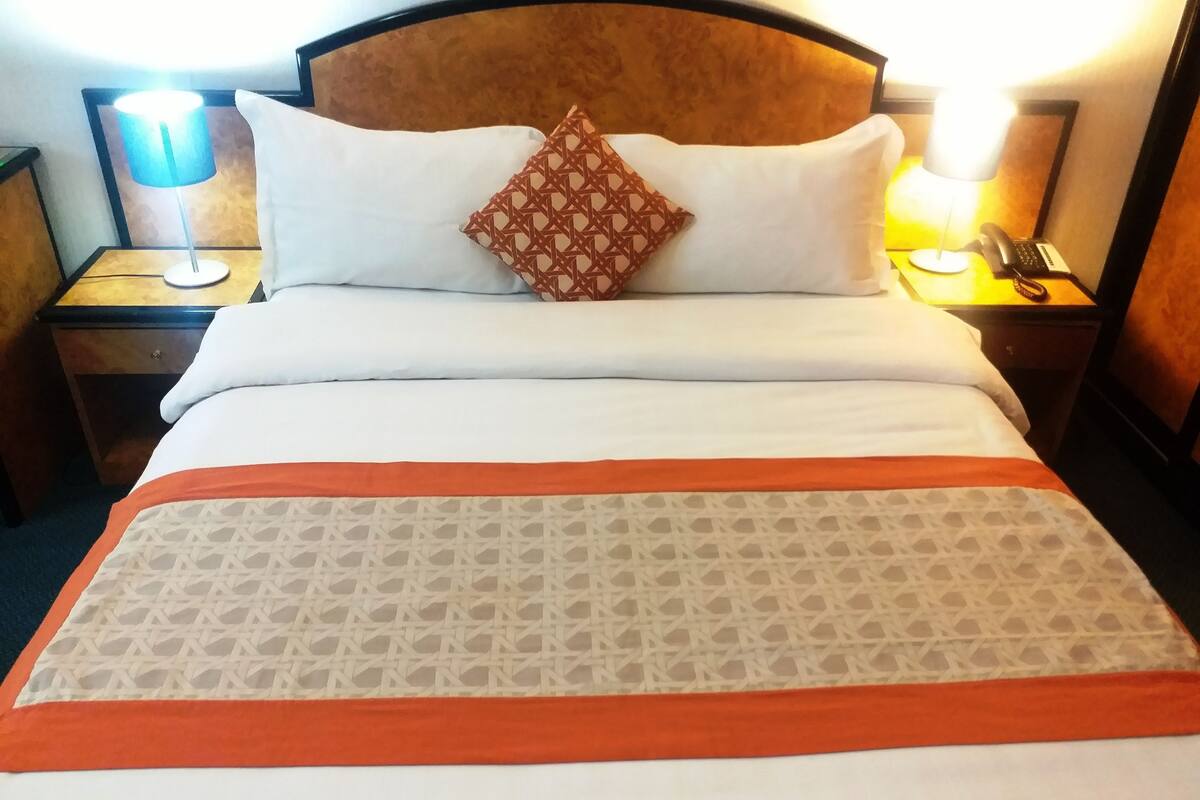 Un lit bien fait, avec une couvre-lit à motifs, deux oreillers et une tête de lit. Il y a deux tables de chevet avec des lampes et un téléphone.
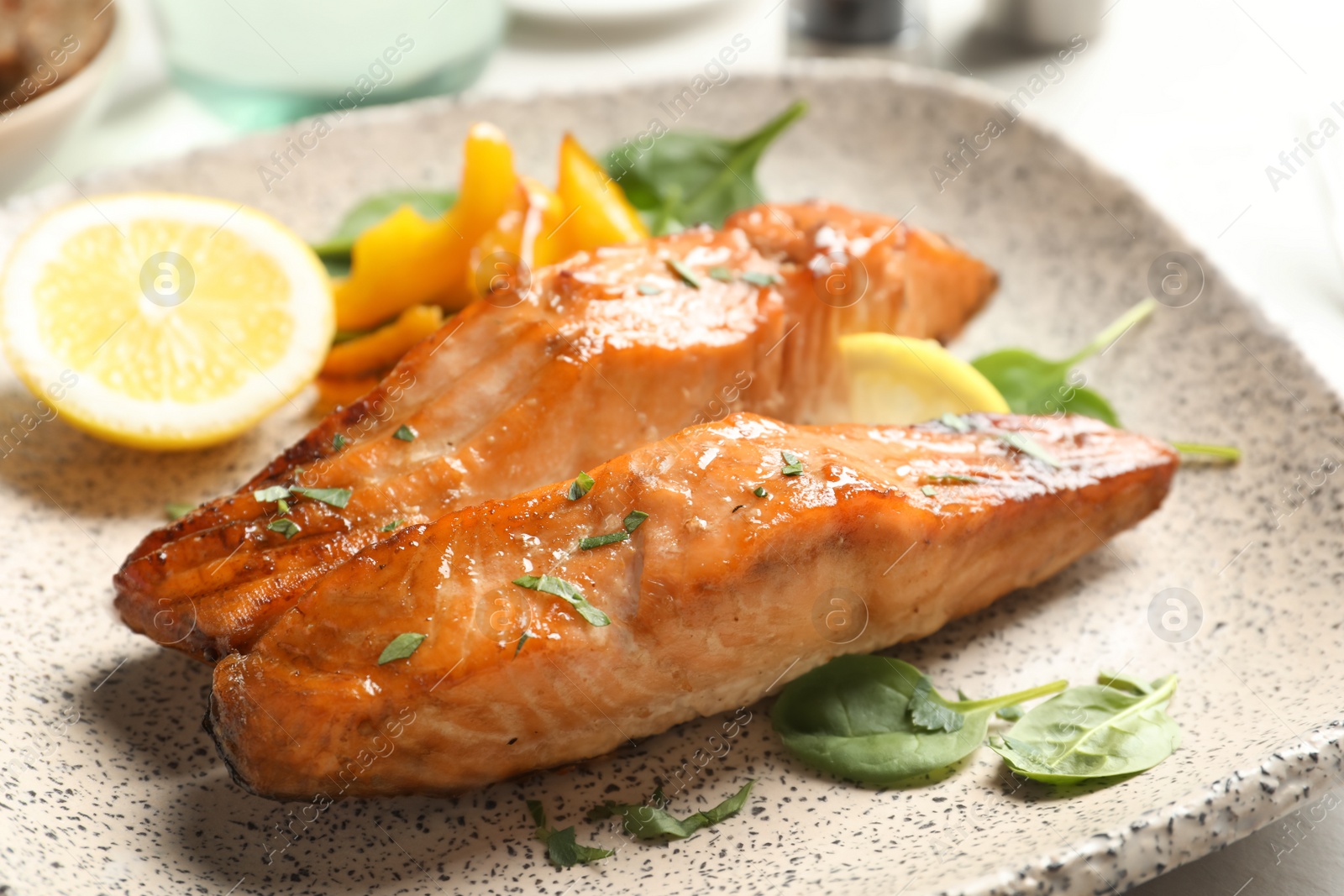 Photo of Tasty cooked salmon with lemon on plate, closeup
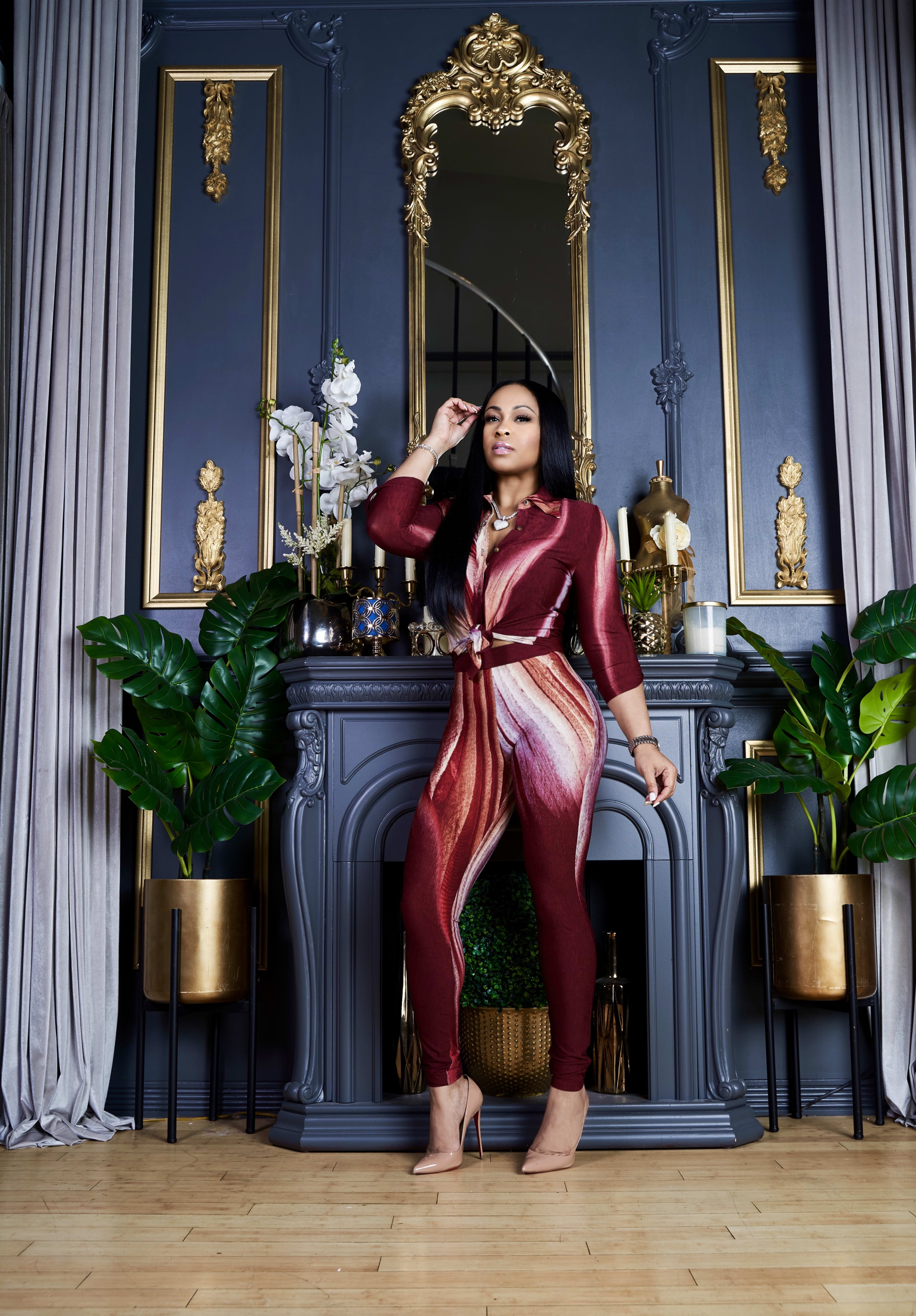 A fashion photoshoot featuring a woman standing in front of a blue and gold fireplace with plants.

------------------------------------------------------------------------

- Goal of the exercise
Would you return all of the data above word for word, omitting every picture?

- Output of the task
 Un lit bien fait, avec une couvre-lit à motifs, deux oreillers et une tête de lit. Il y a deux tables de chevet avec des lampes et un téléphone.
 Photo of Tasty cooked salmon with lemon on plate, closeup
 A fashion photoshoot featuring a woman standing in front of a blue and gold fireplace with plants.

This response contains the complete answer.